• **Try it**
Although the data holds pictures, return only the lines from the one containing "Gedessineerde longsleeve met" to the end, exactly, and without them.

[Records contained in a dataset]
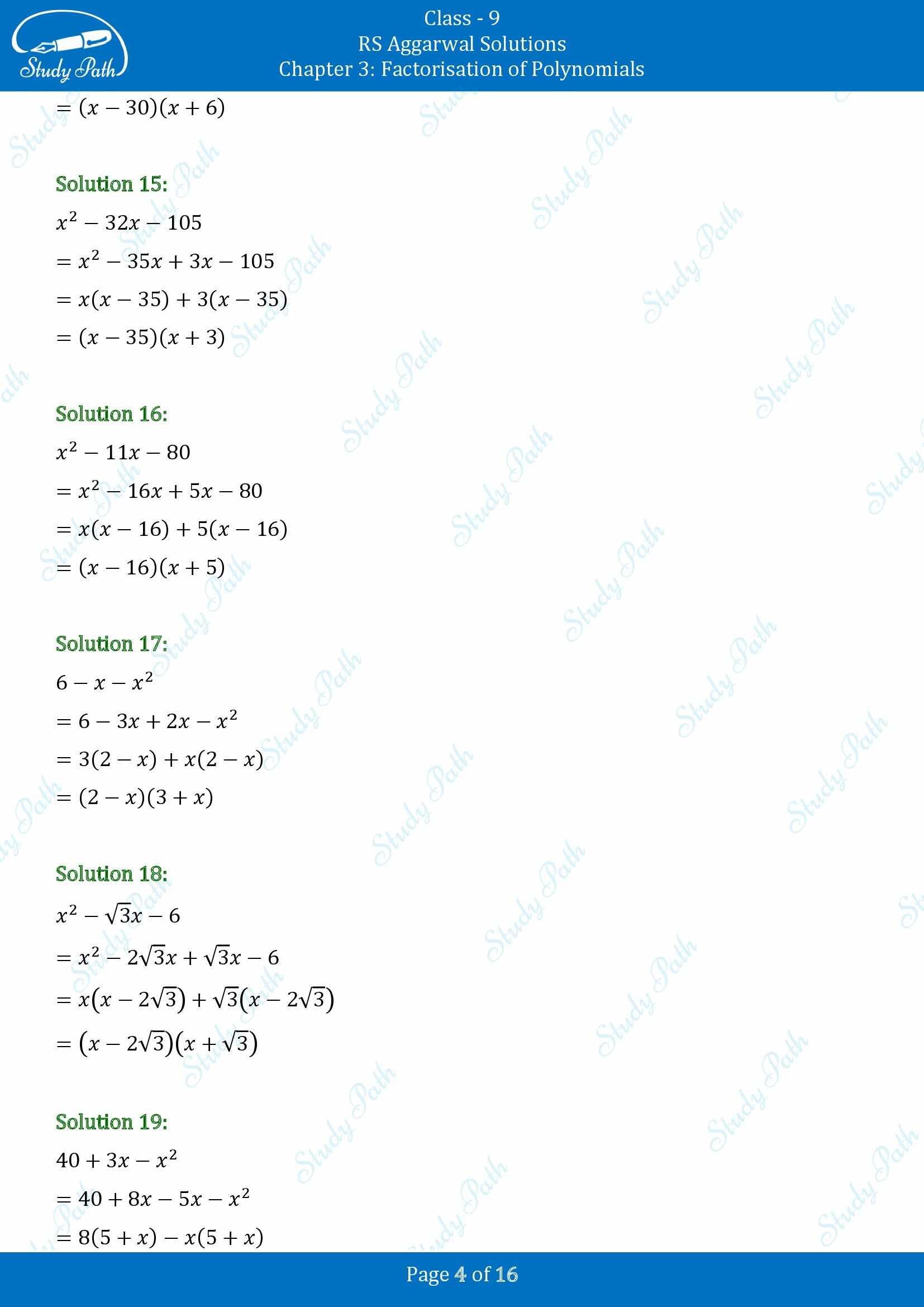 RS Aggarwal Solutions Class 9 Chapter 3 Factorisation of Polynomials Exercise 3C 00004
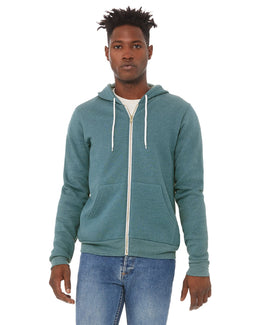 Bella+Canvas Unisex Poly-Cotton Fleece Full-Zip Hoodie 3739 | Hthr Deep Teal - Front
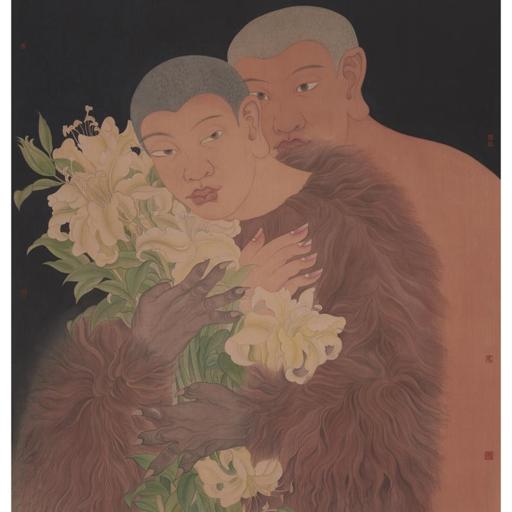 As It Is · Your Tenderness 1 (《如是 · 你的温柔 · 1》) · Color on Silk(绢本设色)、Silk(绢本设色)、Mineral Color(矿物色) · 76x100cm · 2023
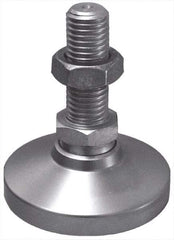 Gibraltar - 3/4-10 Bolt Thread, Studded Pivotal Stud Mount Leveling Pad & Mount - 7,400 Max Lb Capacity, 3" Base Diam - USA Tool & Supply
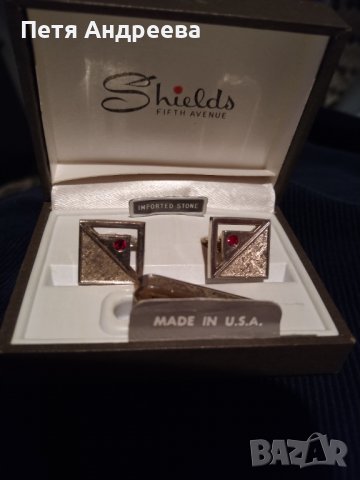 Комплект копчета за ръкавели и  щипка за вратовръзка Shields , снимка 1 - Бижутерийни комплекти - 24942741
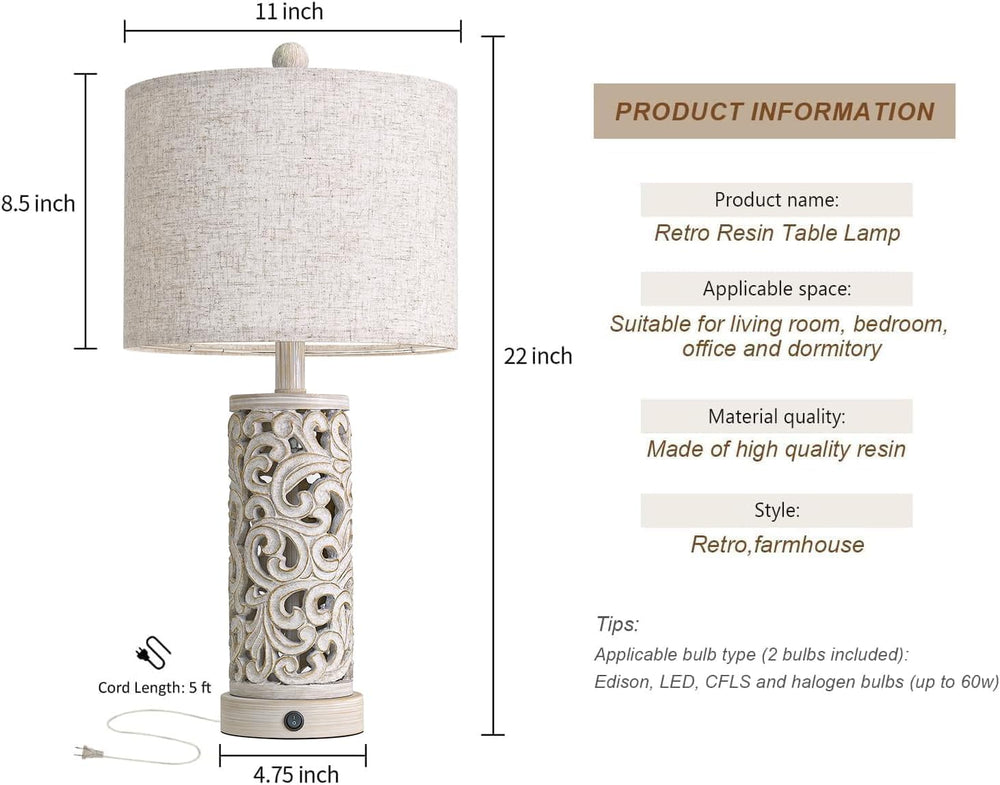 OYEARS Bedside Table Lamps Set of 2 with Night Light, 22'' Distressed...
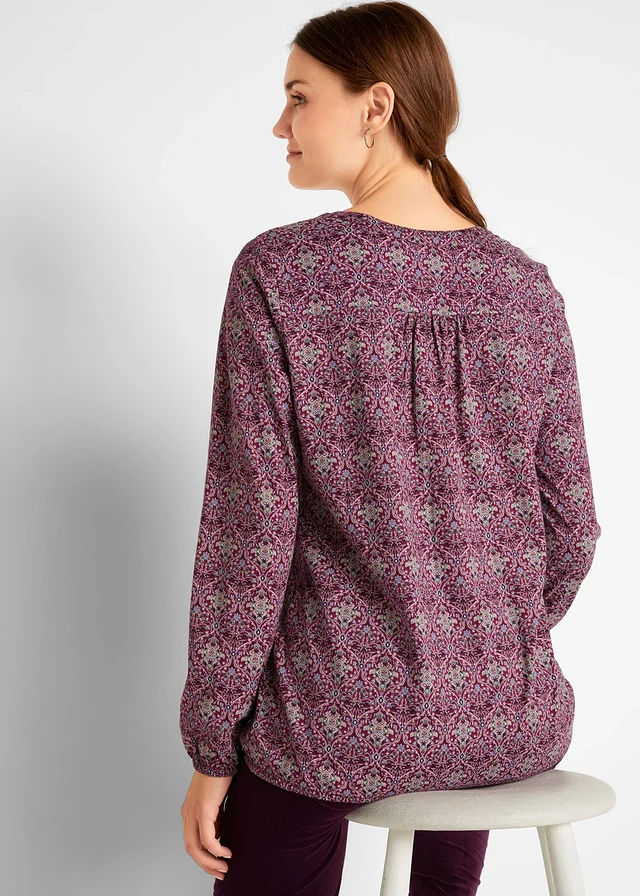 Gedessineerde longsleeve met Henley kraag, Kleur: bessen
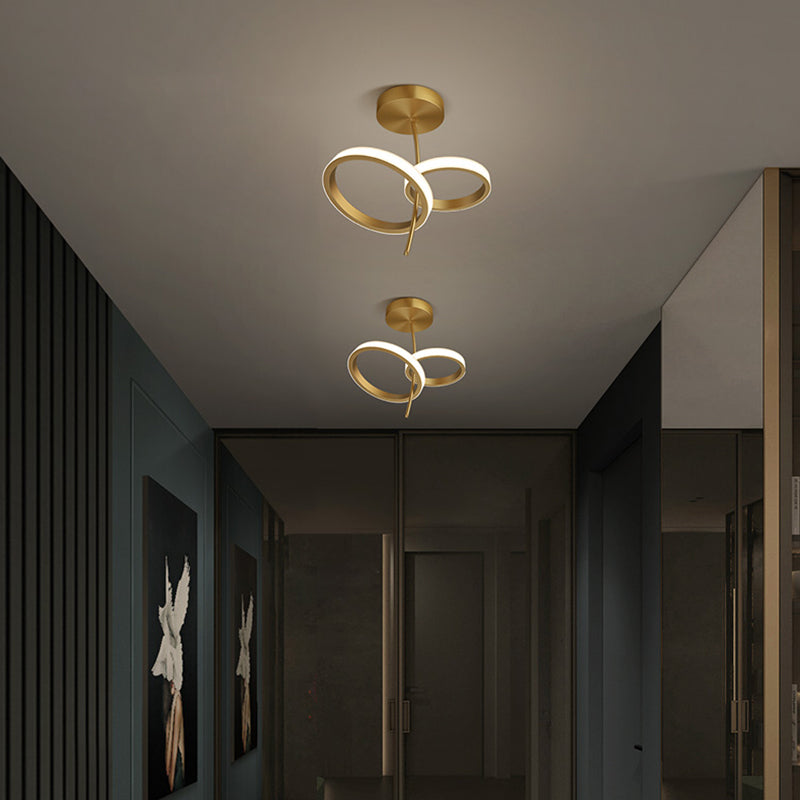 Round Metal Shade Flush Ceiling Light Modern Style 2 Lights Flush Mount Fixture in Brass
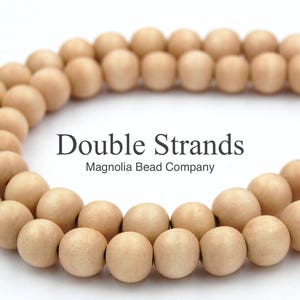 TWO STRANDS, Light Summer Beige Brown 12mm Wood Beads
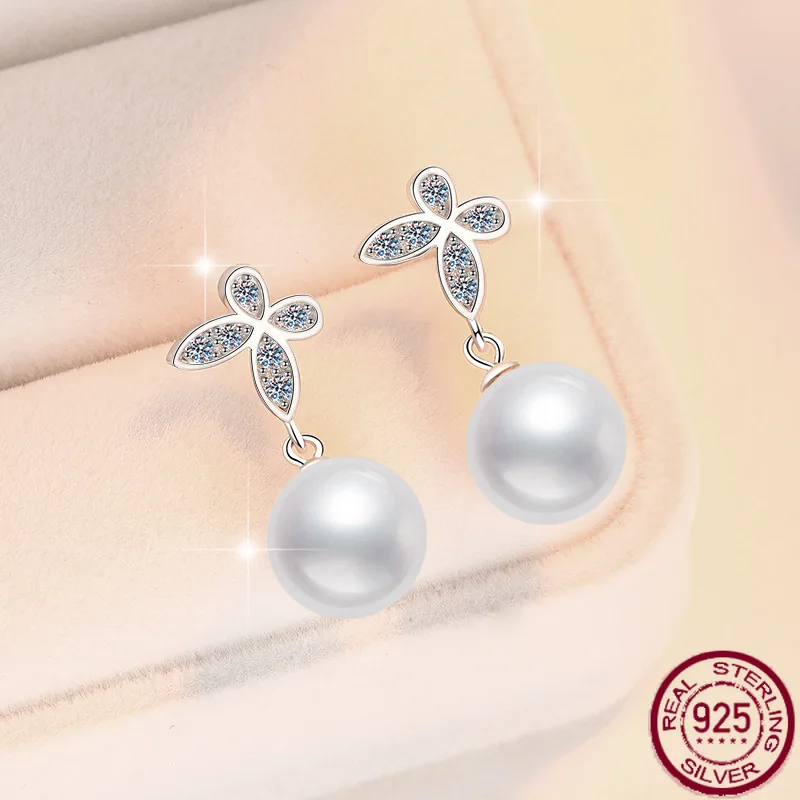 

New Mozambique diamond earrings, butterfly clover pearl earrings, high-end and light luxury s925 silver wedding jewelry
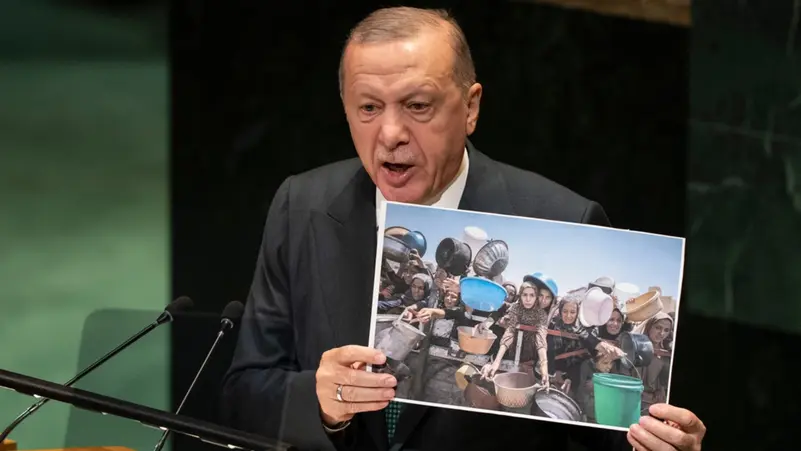 إردوغان: كل ساعة يسقط طفل ضحية للعدوان الإسرائيلي في غزة منذ 23 شهرا
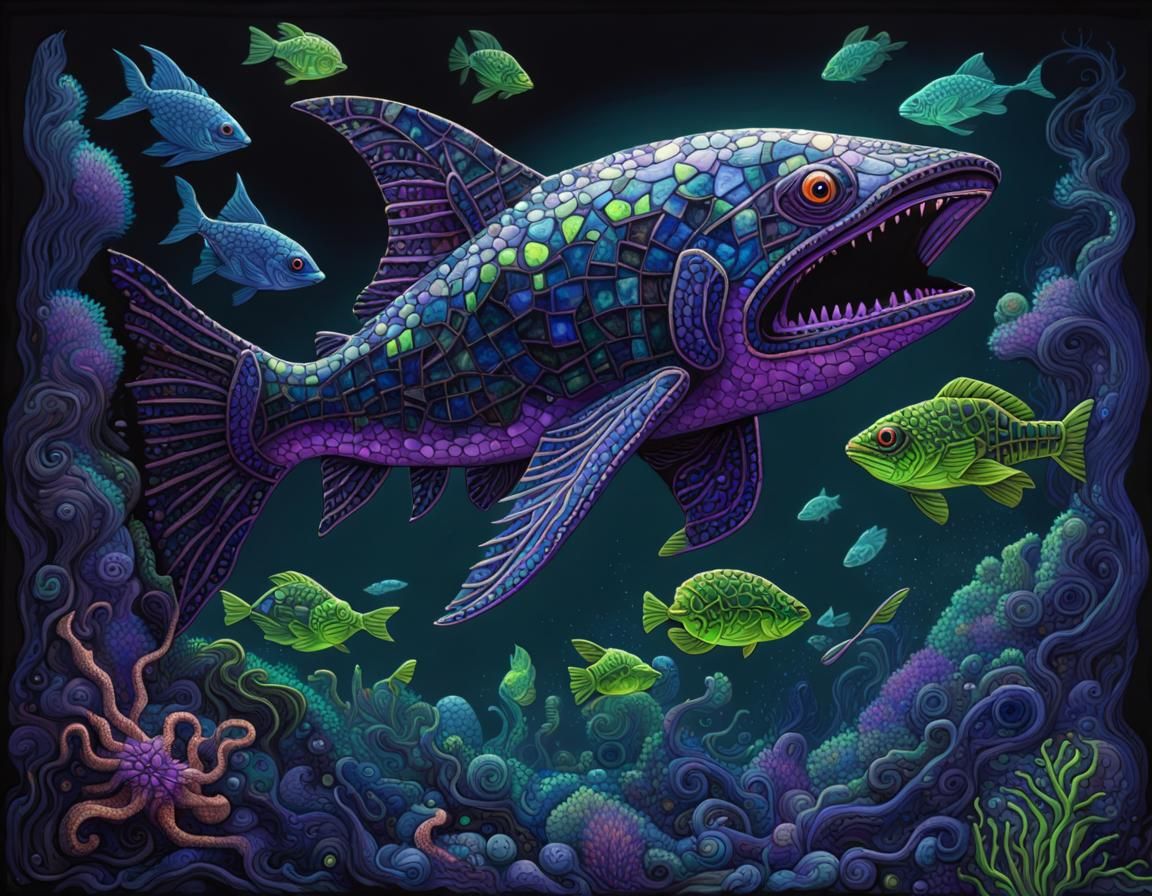 Bioluminescent Underwater Mosaic Concept Art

• **Problem solution**
 Gedessineerde longsleeve met Henley kraag, Kleur: bessen
 Round Metal Shade Flush Ceiling Light Modern Style 2 Lights Flush Mount Fixture in Brass
 TWO STRANDS, Light Summer Beige Brown 12mm Wood Beads

New Mozambique diamond earrings, butterfly clover pearl earrings, high-end and light luxury s925 silver wedding jewelry
 إردوغان: كل ساعة يسقط طفل ضحية للعدوان الإسرائيلي في غزة منذ 23 شهرا
 Bioluminescent Underwater Mosaic Concept Art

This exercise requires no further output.